Une politicienne dans l'âme
Première femme élue au Conseil général de Corrèze, un mandat qu'elle exerça durant trente-six ans, Bernadette Chirac a labouré inlassablement ce territoire rural devenu un bastion du chiraquisme. Souvent ringardisée pour son image "vieille France", notamment par Les Guignols, sur Canal +, qui raillaient son éternel sac à main, elle n'en fut pas moins une femme de son temps.
Loin de se cantonner à un rôle de représentation, elle fit valoir ses convictions, y compris contre l'avis de son époux. Ainsi, en 2004, en pleine campagne pour les élections régionales, elle affiche publiquement son soutien à Nicolas Sarkozy allant jusqu'à lui lancer lors d'un meeting de l'UMP : "Heureusement qu'on vous a", au grand dam de Jacques Chirac qui exécrait ce rival impétueux. Coutumière des remarques acides – Alain Juppé, taxé d'homme "très très froid", s'en souvient —, elle n'avait pas sa langue dans sa poche.

Bernadette Chirac sentait les choses, elle a eu ce sens politique.
Dans un paysage politique alors largement gouverné par les hommes, elle faisait parfois part de ses analyses. "Elle a été l'une des rares à prévenir Jacques Chirac du risque d'un second tour face à Jean-Marie Le Pen. Bernadette Chirac sentait les choses, elle a eu ce sens politique", se souvient Jean Garrigues. Son époux louait d'ailleurs son tempérament "réfléchi", n'hésitant pas à la comparer à une "tortue", "un animal qui a gagné par rapport au lièvre".
Le vernis aristocratique n'a jamais disparu. Elle vouvoyait son mari. Et appelait Dominique Galouzeau de Villepin "le Galouzeau" pour marquer son irritation envers les prétentions aristocratiques de ce bourgeois.

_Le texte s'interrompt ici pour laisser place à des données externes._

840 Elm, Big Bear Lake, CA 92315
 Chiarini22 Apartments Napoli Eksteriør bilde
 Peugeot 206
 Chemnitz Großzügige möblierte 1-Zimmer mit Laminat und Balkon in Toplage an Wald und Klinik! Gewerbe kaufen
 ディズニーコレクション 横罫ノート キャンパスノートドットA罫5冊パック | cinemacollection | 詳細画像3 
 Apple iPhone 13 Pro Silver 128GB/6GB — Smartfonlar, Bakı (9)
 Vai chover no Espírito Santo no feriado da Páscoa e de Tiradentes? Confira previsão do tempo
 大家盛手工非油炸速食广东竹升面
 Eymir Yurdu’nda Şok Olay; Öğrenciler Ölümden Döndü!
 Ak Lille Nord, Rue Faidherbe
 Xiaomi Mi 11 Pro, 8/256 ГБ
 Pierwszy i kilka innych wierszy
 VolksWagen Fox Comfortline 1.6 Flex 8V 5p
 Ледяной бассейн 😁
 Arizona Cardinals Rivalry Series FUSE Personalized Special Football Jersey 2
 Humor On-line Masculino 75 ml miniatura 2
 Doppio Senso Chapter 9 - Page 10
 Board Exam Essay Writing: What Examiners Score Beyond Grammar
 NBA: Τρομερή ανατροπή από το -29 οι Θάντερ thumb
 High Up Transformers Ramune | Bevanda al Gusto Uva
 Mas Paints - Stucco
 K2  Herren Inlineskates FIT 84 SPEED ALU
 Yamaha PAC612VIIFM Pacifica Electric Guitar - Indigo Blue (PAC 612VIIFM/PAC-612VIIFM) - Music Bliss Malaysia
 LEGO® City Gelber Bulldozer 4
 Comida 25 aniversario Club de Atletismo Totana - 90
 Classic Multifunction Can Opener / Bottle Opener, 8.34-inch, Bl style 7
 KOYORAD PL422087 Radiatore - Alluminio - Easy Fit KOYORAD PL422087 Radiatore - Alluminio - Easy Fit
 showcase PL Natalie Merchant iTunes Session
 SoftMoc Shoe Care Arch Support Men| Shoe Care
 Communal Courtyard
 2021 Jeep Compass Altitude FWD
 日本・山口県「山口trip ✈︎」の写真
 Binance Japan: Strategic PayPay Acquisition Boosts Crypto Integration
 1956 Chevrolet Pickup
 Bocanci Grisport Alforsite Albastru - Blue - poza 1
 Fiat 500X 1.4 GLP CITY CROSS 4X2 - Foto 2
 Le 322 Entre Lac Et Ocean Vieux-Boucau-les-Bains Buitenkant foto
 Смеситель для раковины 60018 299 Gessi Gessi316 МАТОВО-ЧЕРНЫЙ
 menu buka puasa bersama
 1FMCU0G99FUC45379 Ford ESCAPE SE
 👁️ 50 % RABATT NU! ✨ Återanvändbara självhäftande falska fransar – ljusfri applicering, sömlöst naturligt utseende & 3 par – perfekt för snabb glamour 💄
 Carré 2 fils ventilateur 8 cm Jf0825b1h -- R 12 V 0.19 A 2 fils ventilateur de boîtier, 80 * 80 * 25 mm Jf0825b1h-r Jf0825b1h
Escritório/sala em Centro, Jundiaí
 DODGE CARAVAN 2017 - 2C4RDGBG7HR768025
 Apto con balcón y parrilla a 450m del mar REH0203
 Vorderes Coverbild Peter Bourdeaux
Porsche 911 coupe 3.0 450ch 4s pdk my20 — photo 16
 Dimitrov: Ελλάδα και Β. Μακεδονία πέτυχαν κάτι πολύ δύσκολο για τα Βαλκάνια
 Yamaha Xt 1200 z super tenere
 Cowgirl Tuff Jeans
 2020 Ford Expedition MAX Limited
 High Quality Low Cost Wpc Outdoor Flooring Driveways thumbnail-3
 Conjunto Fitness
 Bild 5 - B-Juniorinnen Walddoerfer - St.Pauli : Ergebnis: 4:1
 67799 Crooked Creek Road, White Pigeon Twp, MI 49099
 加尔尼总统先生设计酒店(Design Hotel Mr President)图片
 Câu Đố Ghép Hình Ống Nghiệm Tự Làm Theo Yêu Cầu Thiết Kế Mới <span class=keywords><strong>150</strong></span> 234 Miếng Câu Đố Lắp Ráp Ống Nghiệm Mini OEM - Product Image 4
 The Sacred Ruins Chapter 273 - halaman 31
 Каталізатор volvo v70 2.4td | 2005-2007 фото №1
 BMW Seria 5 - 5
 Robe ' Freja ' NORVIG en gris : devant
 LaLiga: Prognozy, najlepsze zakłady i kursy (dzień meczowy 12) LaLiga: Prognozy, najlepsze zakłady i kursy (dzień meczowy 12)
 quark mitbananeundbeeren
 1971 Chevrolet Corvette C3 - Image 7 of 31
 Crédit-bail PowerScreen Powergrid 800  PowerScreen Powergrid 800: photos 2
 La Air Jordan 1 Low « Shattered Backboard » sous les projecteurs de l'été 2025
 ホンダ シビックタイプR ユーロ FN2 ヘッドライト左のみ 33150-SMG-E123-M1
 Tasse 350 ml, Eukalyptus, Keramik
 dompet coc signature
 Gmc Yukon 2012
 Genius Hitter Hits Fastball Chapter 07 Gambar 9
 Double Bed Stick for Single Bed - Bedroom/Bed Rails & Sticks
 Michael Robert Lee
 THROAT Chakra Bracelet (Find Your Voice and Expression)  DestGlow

Son allure, droite, presque figée, alimenta une image de froideur. Mais, derrière cette façade, une loyauté sans faille, même face aux nombreuses frasques de son époux. Et des blessures intimes, notamment liées au décès prématuré de leur fille aînée, Laurence, atteinte d'anorexie mentale dès l'âge de 15 ans.
"Une grande Première dame"
Cette fidélité à toute épreuve, même blessée, elle la transforme en force publique. Dans les années 2000, son image se détache de celle de Jacques Chirac. Elle publie, avec Patrick de Carolis, ses mémoires baptisées Conversation (Plon), un livre à succès, et devient paradoxalement plus populaire que son mari. L'opération Pièces Jaunes (*) assoit son image de première dame au grand cœur, attachée aux enfants hospitalisés et aux personnes âgées, via son engagement dans la Fondation Claude Pompidou.

Jusqu'au bout, Bernadette Chirac aura tenu son rang. Après la maladie puis le décès de Jacques Chirac, elle se retire de la vie publique. Dans cette éclipse finale, aucun aveu, aucune plainte. "Elle ne cherchait pas à séduire. Elle était dans une démarche de vérité et d'authenticité. Elle restera dans le cœur des Français comme une grande Première dame", estime Jean Garrigues.
(*) Cette campagne de solidarité vise à récolter les pièces de monnaie jaunes afin de collecter des fonds pour financer de meilleures conditions d'hospitalisation des enfants et adolescents.